The researchers found that their results held for undergraduate students as well as 11 year old children. Their findings are at odds with the popular and enduring assumption held by many math educators that only concrete examples help children understand math. Kaminski et al., are repeating this experiment with elementary school children. They believe that the results are not likely to be all that different.
What does this all mean? Twenty five years ago, the University of Chicago Math Project with support from the National Council of Teachers of Mathematics (NCTM) and the National Science Foundation NSF, came up with the new ‘constructivist’ or ‘integrated’ math curriculum that emphasized understanding math concepts, constructing math rules from ‘real world’ examples, dismissing rote memorization of math facts like multiplication tables, throwing out ‘carry-over addition’ and other traditional ways of doing math and approving the use of calculators even in first grade classrooms.
The Everyday Math curriculum proposed by the University of Chicago is used in 175,000 classrooms and by 2.8 million elementary school students. Its counterparts are the Connected Math in middle school and Core-Plus Math in high school (names may differ from state to state). This math system rejects traditional math methods (the way we learned math in school) and seeks to integrate conceptual methodologies and connections to the ‘real world’ with math facts.
Today, more freshmen coming into college are taking remedial math than ever before in the history of US education. US students rank considerably lower than many other nations in math as assessed by the Trends in International Mathematics and Science Study. Across the country, there are angry parents and students who have been forced to turn to tutoring, after school math remedial programs, drilling at home or changing schools to avoid the integrated math curriculum and provide students with the math education they should be getting at school.
Almost twenty five years after the advent of reform math, the math wars continue to rock the nation. Some of us have heard it before and some like me are discovering it for the first time and are nonplussed. Aren’t twenty five years long enough to understand the effectiveness or ineffectiveness of a system? It is downright scary when scientists, mathematicians, and university professors all seem to agree that the new reform “integrated math” does not do justice. You can read some comments from university professors here.
My post is probably just touching the tip of the iceberg. I fervently hope Kaminski’s work is a start in the right direction.In my next post I hope to provide a little more detail on the differences between the integrated math and other math curriculums used around the country. In the meanwhile I would love to hear your comments on this integrated math system as well as any coping strategies that you may have to share with other readers.

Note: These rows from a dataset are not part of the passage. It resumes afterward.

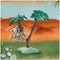 PLAYMOBIL Wiltopia - Koala met welp - 71292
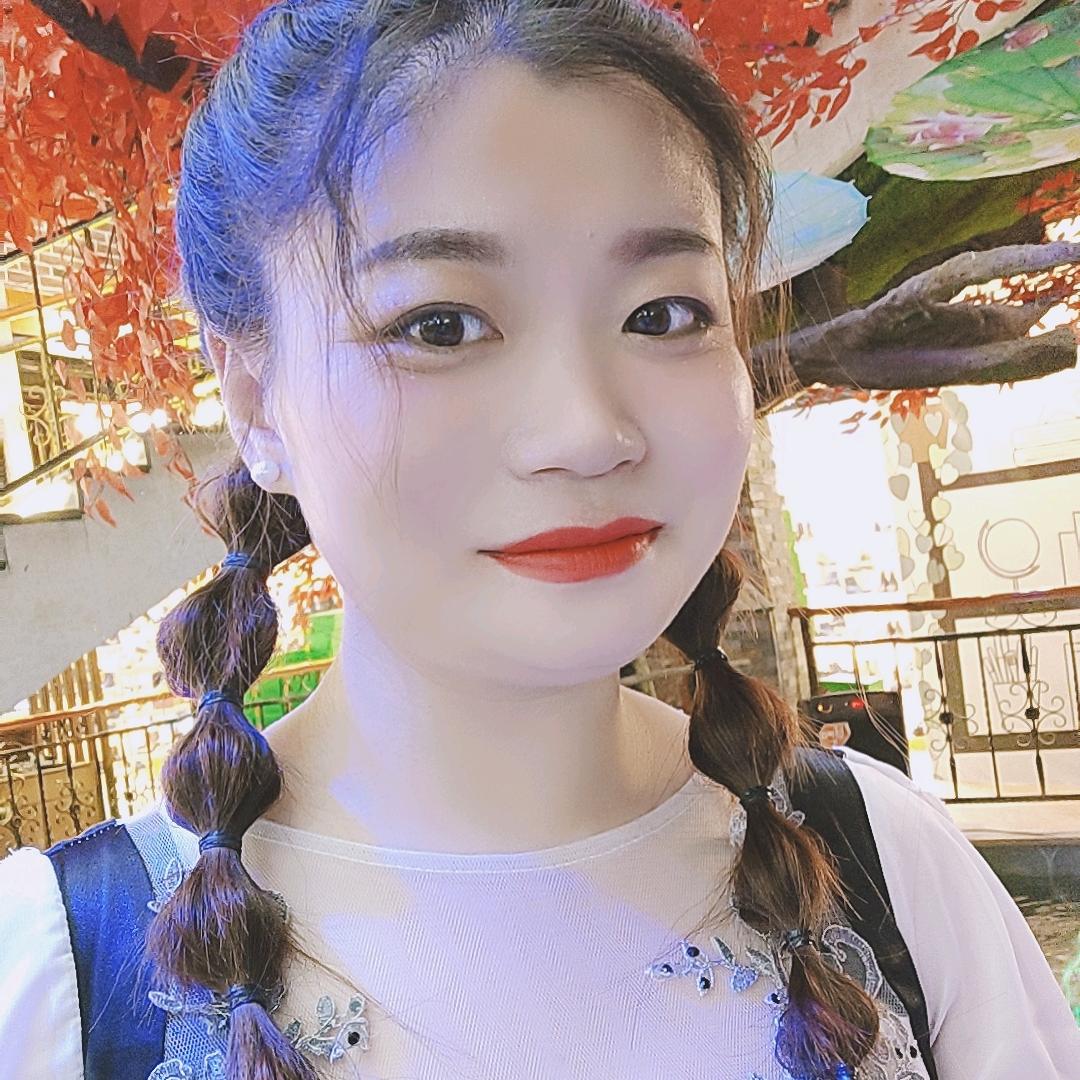 河津古筝静静老师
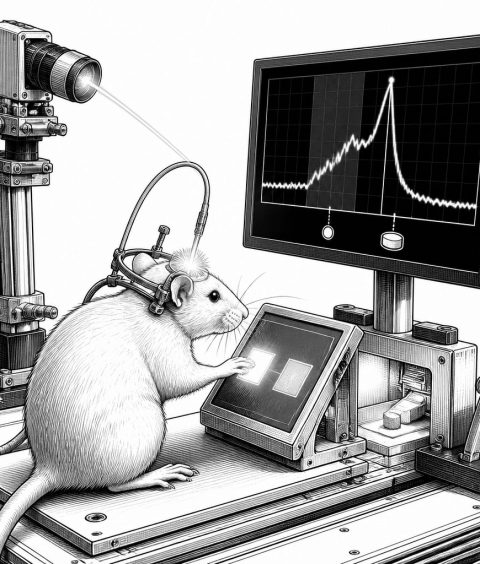 ai-orexin-effort-tracking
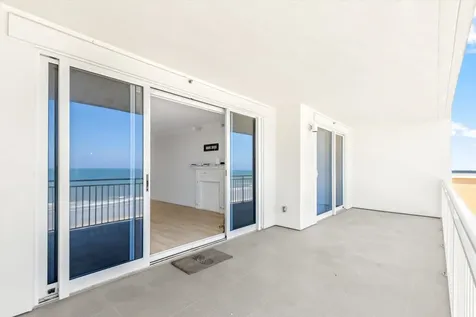 1415 N 1st Street Jacksonville Beach FL 32250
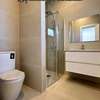 Appartement F4 à louer – Point E thumb 14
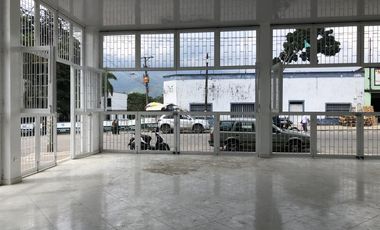 local en arriendo en local 21 con 3. Cod A11903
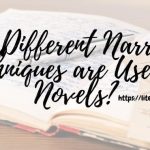 How-Different-Narrative-Techniques-are-Used-in-Novels_-1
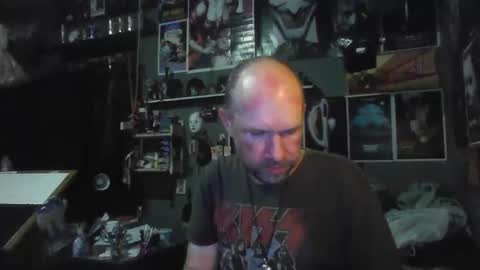 That guy online show from May 16, 3:48 am
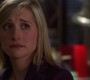 514Smallville1164.jpg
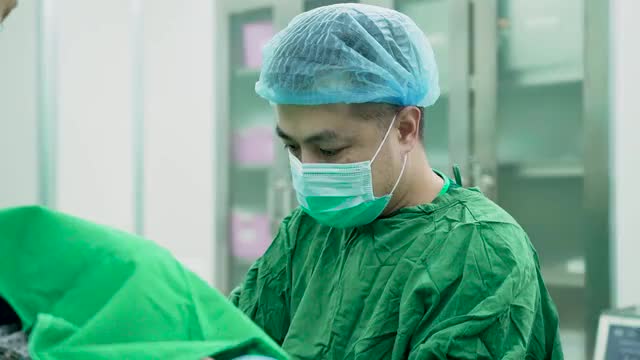Ý nghĩa của việc xác định ngôi thai trong thai kỳ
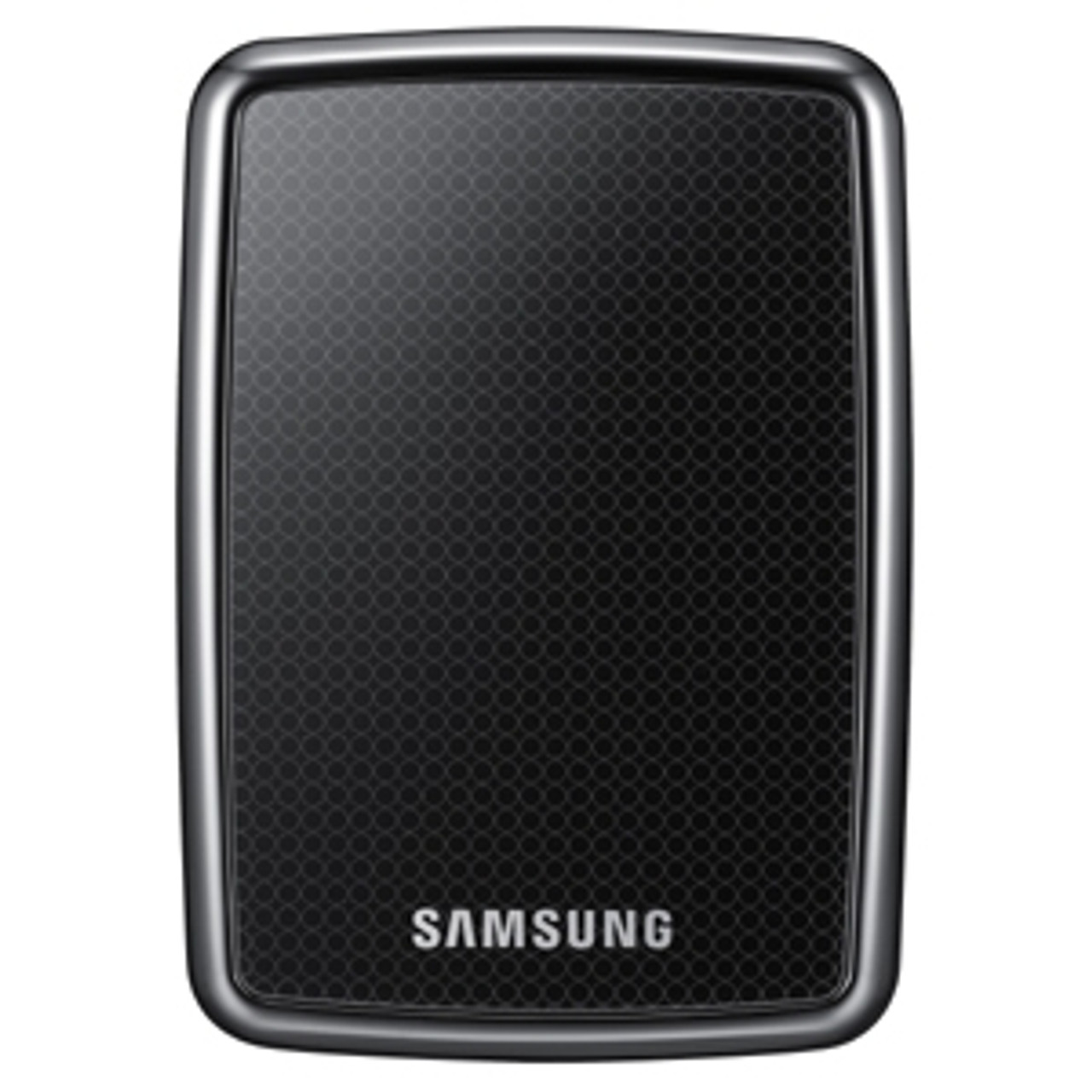 HX-MTA50DA/G32 - Samsung S2 Portable S2 500 GB 2.5 External Hard Drive - White - USB 3.0 - 5400 rpm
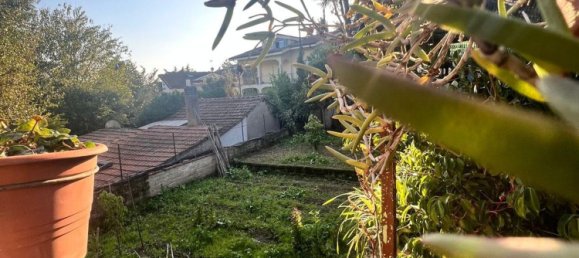 6 bedrooms House in Sacrofano, Italy No. 348235 31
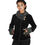 Thumbnail: Lahima Coat WCT1040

Enakshi Choudhuri did her Masters in Counseling from Heidelberg College in Ohio and PhD in Counselor Education from the University of Iowa. She has taught and supervised undergraduate and master's level students and has worked with children, adults and college students at various agencies. She is also an author and book publisher. More posts on parenting and education can be found on her blog.
I am somewhat confused by this post and looking forward to your next post which describes the integrated math curriculum and differences with other curriculum. I live in India and trying to teach math concepts to my 11 year old.

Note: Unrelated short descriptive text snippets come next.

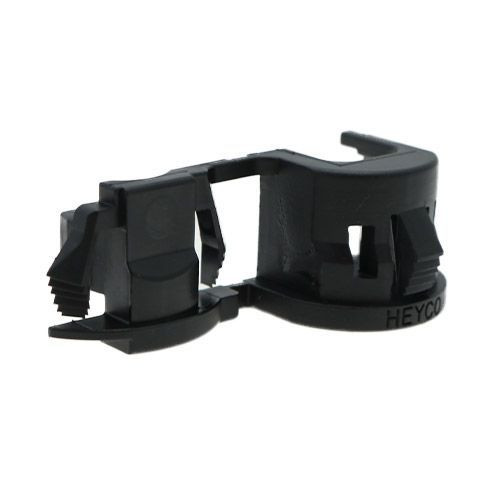 RDD Strain Relief Bushings | Straight Thru Mount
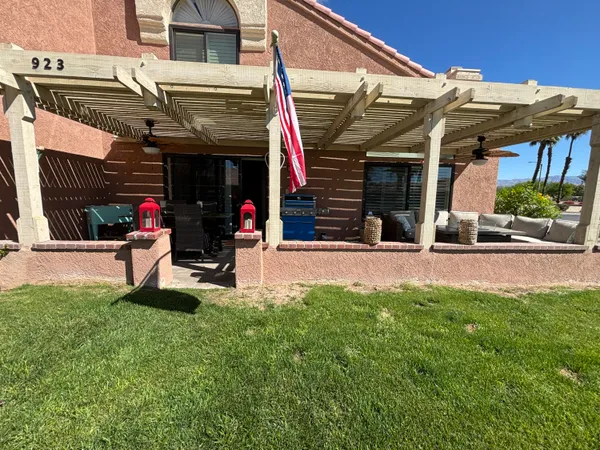 $2,500 | 76923 Turendot Street, Palm Desert, CA 92211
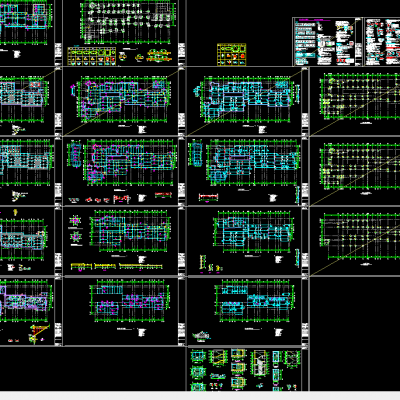 常州莱蒙幼儿园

In India, while teaching math, the focus seems to be on memorizing multiplication tables and rules such as “carry over addition” without a lot of emphasis on connecting to the real world.
Your post suggests that connecting to the real world does not promote learning- if a concept is taught using the trains example, the student may not be able to apply that concept to a water level example.
However, isn’t the purpose of learning math to learn how to solve real world problems ? When faced with a real world problem, like a water level problem, doesn’t the child have to understand and distill it down to the applicable rule which he or she has learned. Without the connection to real world examples how can he or she figure out which rule to apply ?
Am I missing something ?
My main point in the post is that children who learn math concepts abstractly are better able to apply that knowledge in a variety of situations than children who learn the concept through a real world example. In the latter case, the details of the real world example detract from learning the actual math concept and the child is less likely to be able to apply the same rule in another situation.
I think a better process is to teach the abstract concept first and then teach the child how to apply the concept to real world examples. The transfer of learning is much easier then. Real world examples are very important and the child should be able to connect to that. But first the child needs to learn the concept without anything else to distract her. Then give her as many real world examples as possible to help her practice using the concept.
I will give an example- this is a problem that my first grade child had to do:
Draw different color crayons in the box. 1/2 the crayons in the box are blue. 1/4 of the crayons are red and 1/4 are yellow. There was no total number of crayons given.
My child has not learned that 1/2 = 1/4 +1/4 (the abstract concept).
She knows separately that 1/2 + 1/2 = 1 and that
1/4 + 1/4 + 1/4 + 1/4= 1. The connections between 1/4 and 1/2 has never been made for her in class.
The child is asked to ‘construct’ this problem and then solve it. The questions following were- how many blue crayons did you draw?, how many red and how many yellow? Then they are asked- Explain how you know that half the crayons you drew are blue.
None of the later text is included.